Hablamos de delirios cuando identificamos construcciones de pensamiento bizarras y extravagantes, que implican cierta desconexión con la realidad. Se acompañan de una gran convicción de que el delirio es real. Y normalmente, existe una alta reactividad cuando éste se cuestiona.
A pesar de ser un fenómeno llamativo que a muchos asusta, no deja de ser un intento de adaptación al entorno. Todos interpretamos la realidad y reaccionamos ante ella, aunque no siempre con el mismo éxito. Se dice, que el que no puede tener una reacción emocional ante un evento altamente perturbador o traumático, construye un delirio donde ésta tenga cabida.
Los errores de pensamiento son una posibilidad más de la naturaleza verbal del ser humano. Todos podemos incurrir en ellos. De hecho, los delirios se construyen en torno a temas mundanos. Algunos de los delirios que recoge la literatura son el de infidelidad, el religioso, el de persecución, el de referencia o el de grandeza, entre otros.
La principal diferencia entre estos errores de pensamiento y los delirios es el grado de convicción con el que se viven. El delirio no se vive como una creencia, sino como una evidencia de la realidad. Asimismo, todo juicio delirante es erróneo, pero no todo juicio erróneo es delirante. Estos errores de pensamiento suelen anclarse en una biografía y suelen construirse en torno a temas que son intolerables o altamente perturbadores para el sujeto.
A través del cine hemos importado numerosos estigmas en torno a los trastornos de pensamiento. Como que las personas desconectadas de la realidad son peligrosas, agresivas o incluso asesinos en serie. La falta de profundidad en el desarrollo de estos personajes no nos permite comprender como espectadores el origen o el para qué de esos delirios. Y eso hace que nos relacionemos con miedo con las personas que los viven.

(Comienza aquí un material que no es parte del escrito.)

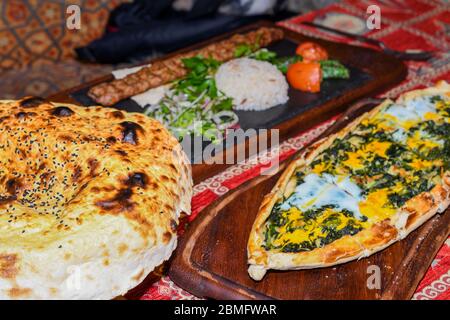 Traditional autyhentic turkish lunch or dinner: kebab with rice and vegetables, spinach and egg pide, pita flat bread and puff hot lavash or lavas hom Stock Photo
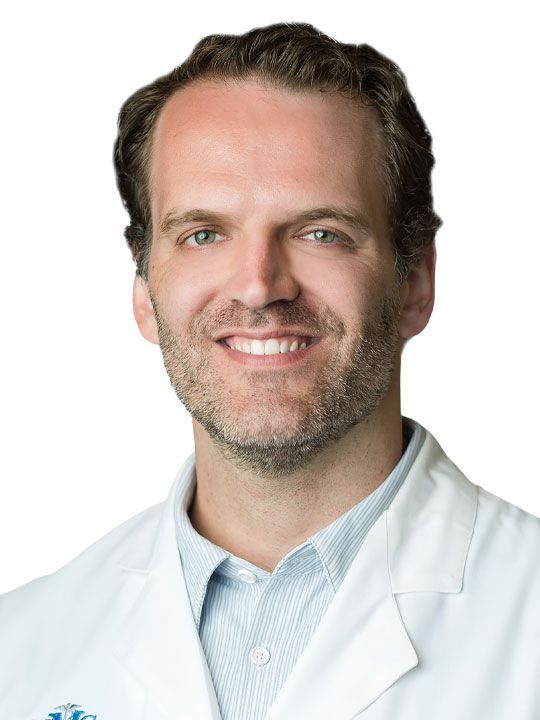 A man with a beard is wearing a white lab coat and smiling.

Con este blog se pretende motivar al lector a hacer una lectura más empática de aquellos que sufren. El que está convencido de que le persiguen, sufre como si le persiguieran de verdad. La desconexión social es un factor determinante en este salto de la creencia errónea al delirio. Al dejar de expresar sus creencias por las reacciones de incredulidad o burla, cada vez uno se convence más de sus delirios y se aisla más.
No es fácil acertar, ya que reforzar un delirio, dar la razón, también resulta perjudicial. Sin embargo, favorecer esa comunicación a través de una escucha empática puede ser suficiente. Ayudar a la persona a pedir ayuda. Devolver lo emocional de la experiencia subjetiva que nos relatan. Conectarle con la realidad a través de otros contextos o actividades. No deshumanizar, ni estigmatizar, resulta desde luego fundamental.